McKenna to argue state's case
McKenna will defend the law and weave in arguments of the other two parties in the case, the Washington Coalition for Open Government and Washington Families Standing Together, a political organization formed to preserve the 2009 law.
He's got his argument down and is bracing for the questions from the bench.
“We think the District Court overreached by deciding all petition signing is entitled to anonymous speech protections,” he said.
The ruling of the appellate court provides the bedrock of the case, he said. As those justices point out, signatures are collected in public places with no attempt to conceal identities, he said.
Signing is an exercise of their right to petition the government, but is not a form of political speech deserving constitutional protection, he said.
Voters have a compelling interest to know who is behind measures on a ballot, according to McKenna and other lawyers for the defense. Being able to see those names is a vital tool for the public's use in preventing fraud and malfeasance in elections, they contend.
“We think transparency is more important than the fact that certain people might be dissuaded from participating in the political process,” said Leslie Weatherhead, attorney for the Coalition for Open Government.
Bopp's assertions about harassment are not backed up by the record, or an issue before justices, they said.
“There is no credible evidence at all that individuals who signed the petitions to put Referendum 71 on the ballot suffered intimidation or harassment,” said Anne Levinson, chairwoman of Washington Families Standing Together.
This case is garnering national attention for an assortment of reasons.
Twenty-three states handle petitions for initiatives and referendums in the way Washington does. Many filed briefs with the court supporting Washington.
Media organizations, including The Herald, filed a brief arguing petitions are public records that are vitally important for monitoring the workings of government and conduct of elections.
Activists across the political spectrum are watching closely, too.
“It's an effort for interest groups to get involved and shut down public disclosure that up until now has been uncontroversial information,” said attorney Kevin Hamilton of Perkins Coie in Seattle, a specialist in election law who represents Washington Families Standing Together.
Conservatives argue they need protection from political opponents who are pulling out all the stops to halt their petition drives.
In its filing, the Alliance Defense Fund, whose lawyers focus on civil liberties and religion cases, contends that “fear of harassment at the hands of pressure groups … discourages people from signing petitions.”
The last word?
Wednesday may not resolve what happens with those boxes of signatures in Olympia.

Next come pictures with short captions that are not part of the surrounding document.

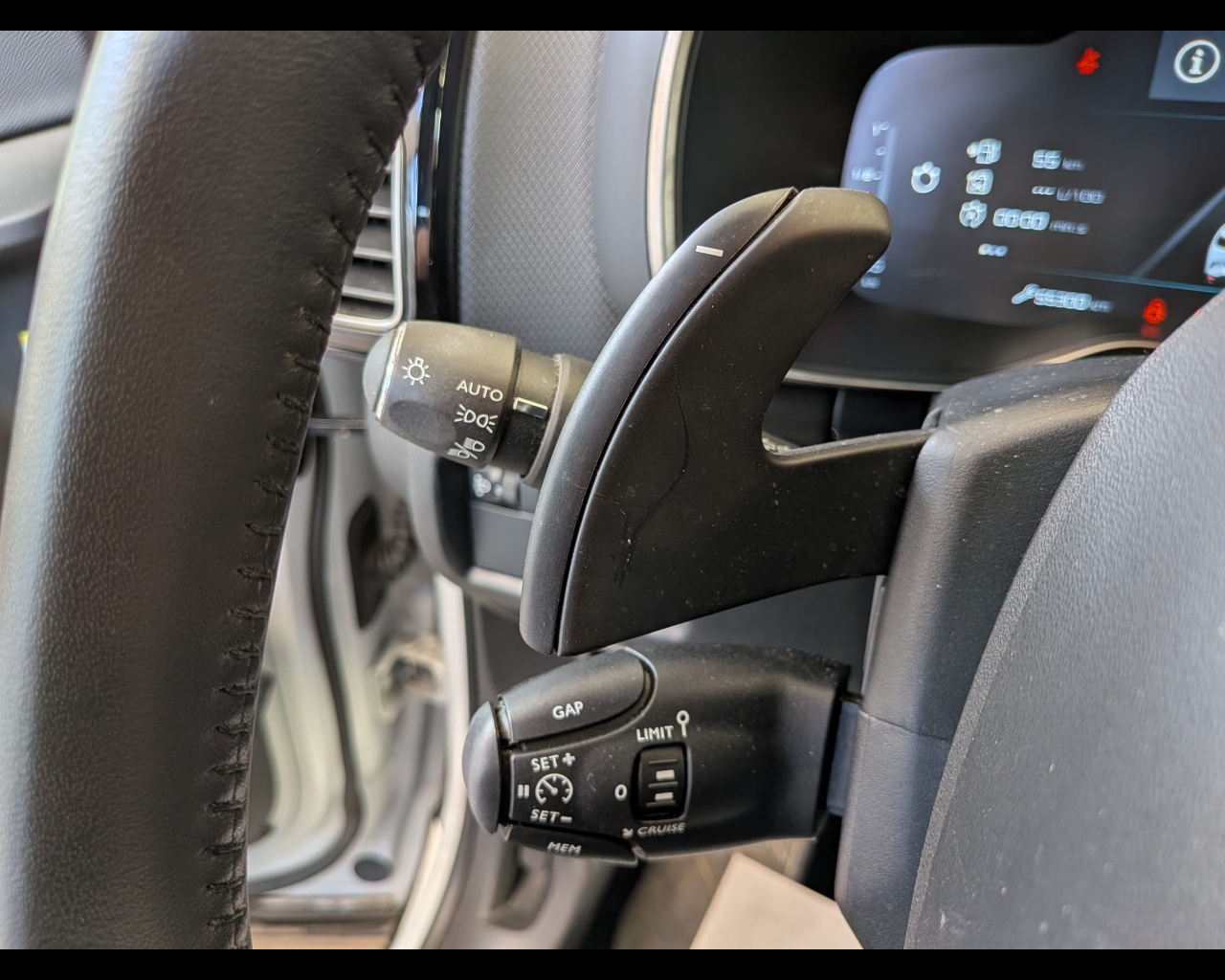 Foto CITROEN C5 Aircross 1.5 bluehdi Max s&s 130cv eat8 N1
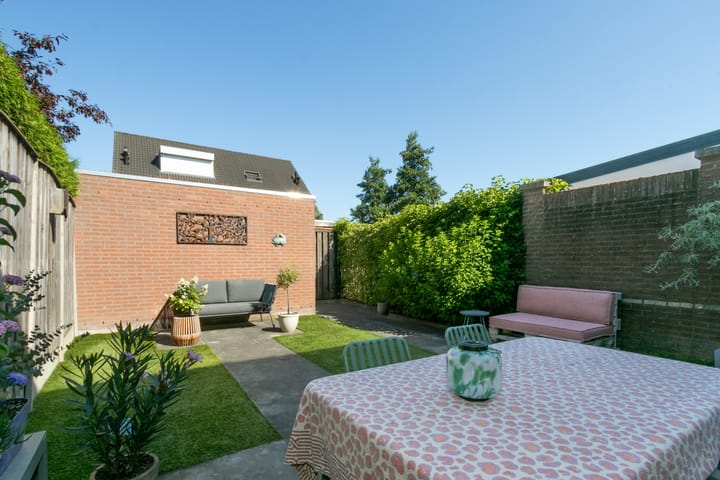 Foto 28 van Boterbloemstraat 29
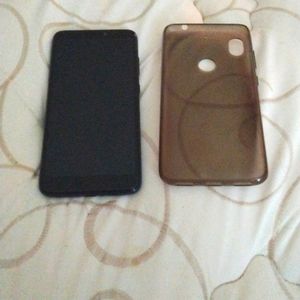 Ghost Hot pepper. Unlocked and used for about 3mo.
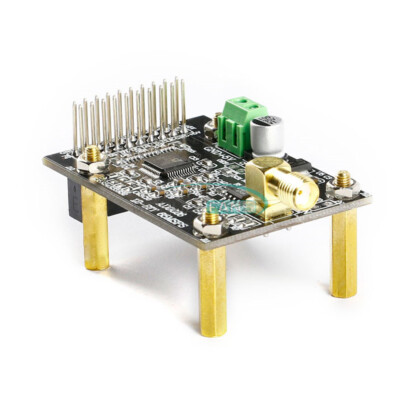 AD9226 ADC Module 65M Sampling Data Acquisition For FPGA Development Board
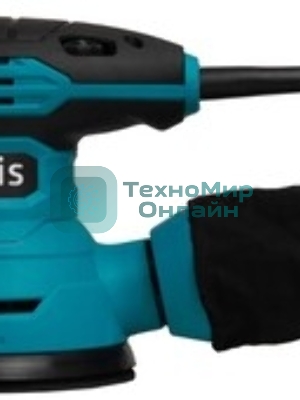 Эксцентриковая шлифовальная машина Oasis GX-30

This case deals with all signers of all petitions. If Bopp loses, he could try again and focus on treatment of signers of Referendum 71. If it comes to that, he would need to present specific instances of harassment and intimidation.
Levinson said that “boggles the mind.”
“They're making false claims in an attempt to undermine laws that are in place to protect the integrity and openness of our political process,” she said. “These laws are in place on behalf of the public, regardless of which side one is on.”